TalkTalk
TalkTalk | |
URL | TalkTalk - Broadband, Fibre, TV and Calls[IA•Wcite•.today•MemWeb] |
Status | Closing (personal web space) |
Archiving status | Not saved yet (personal web space) |
Archiving type | Unknown |
IRC channel | #talkbork (on hackint) |
TalkTalk plc is a company which provides television, telecommunications, Internet access, and mobile network services to businesses and consumers in the United Kingdom.[1]
Personal Webspace Closure
In early 2018, TalkTalk announced that their customer webspace was closing down[2]:
An update about our Webspace service
We regularly review our products to make sure we’re providing only the best value and service to our customers, which is why we’ve decided to remove Webspace and focus on the innovation of our core products.
Webspace will no longer be available from 16th July; however we’ve teamed up with Wix – one of the largest online website builders – to give you a great offer and support you if you want to move your website. Simply create a Wix account and you’ll be able to rebuild your website with a fresh design and brand new features.

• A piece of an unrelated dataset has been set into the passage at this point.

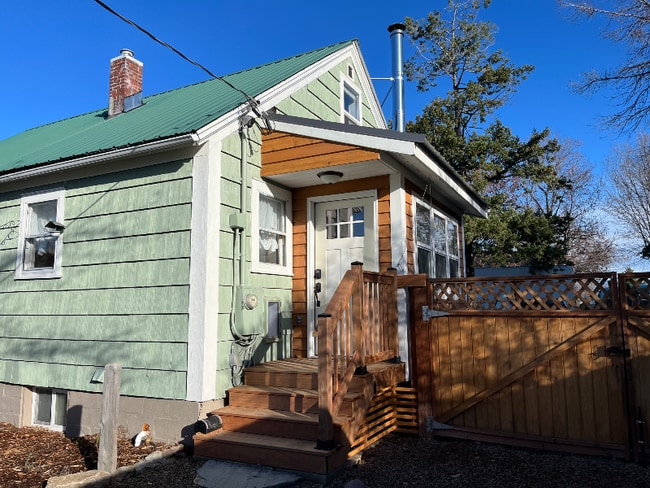 Building Photo - 1518 6th Ave W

Like TalkTalk, Wix offers a free service; and if you’d like to use a premium plan which includes your own domain name, you’ll be able to take advantage of our exclusive TalkTalk discount.

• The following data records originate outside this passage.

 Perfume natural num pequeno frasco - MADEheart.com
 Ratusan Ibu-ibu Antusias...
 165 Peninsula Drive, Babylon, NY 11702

This webspace serves a lot of old web 1.0 websites holding history, e.g. family history sites, war memorials, local businesses, and village cricket teams.
Although the shutdown was announced for 2018-07-16, the sites appear to still be online as of 2018-07-21.
TalkTalk exists as a result of historic takeovers, mergers, and the rebranding of defunct ISPs from as early as the 1990s. As a consequence of this, TalkTalk inherited and is responsible for managing the webspace data of four known domains. A forum post from a representative is useful for determining the quantity of webspace disappearing. A rough back-of-the-envelope estimate using search results indicates over 100,000 sites.
Grabbing Webspace
To gather a rough picture of the amount of sites, or at least sites indexed by search engines, we can perform a site:http://...
search engine query, which outputs the following rounded results.
Closing Domain | Google Results | Bing Results |
---|---|---|
http://website.lineone.net/~USERNAME/ | 11,000 | 13,000 |
http://myweb.tiscali.co.uk/USERNAME/ | 54,000 | 36,000 |
http://www.USERNAME.dsl.pipex.com/ | 14,000 | 15,000 |
http://www.USERNAME.talktalk.net/ | 51,000 | 25,000 |
Ideas
- Scrape search engines for full page URLs and extract deduplicated base URLs (in the format of the previous section)
- For every URL found:
curl http://web.archive.org/save/[URL]
- Use Wayback API to gather list of already partially archived images or pages/base URLs
- Archive the base URL recursively.
- Older (lineone, tiscali and pipex era) sites should likely take priority. These are often old and very "web 1.0".
Archival
Based on DNS History (with obvious rubbish filtered out), 96 subdomains of talktalk.net and 517 subdomains of dsl.pipex.com were archived through ArchiveBot job:bbjyy6chn3i3h1jbdc6ya3nm0 and job:4738iqfdngwdloyi7ye541u06, respectively. However, many of these sites did not actually exist, and this is only a very small part of the total webspace.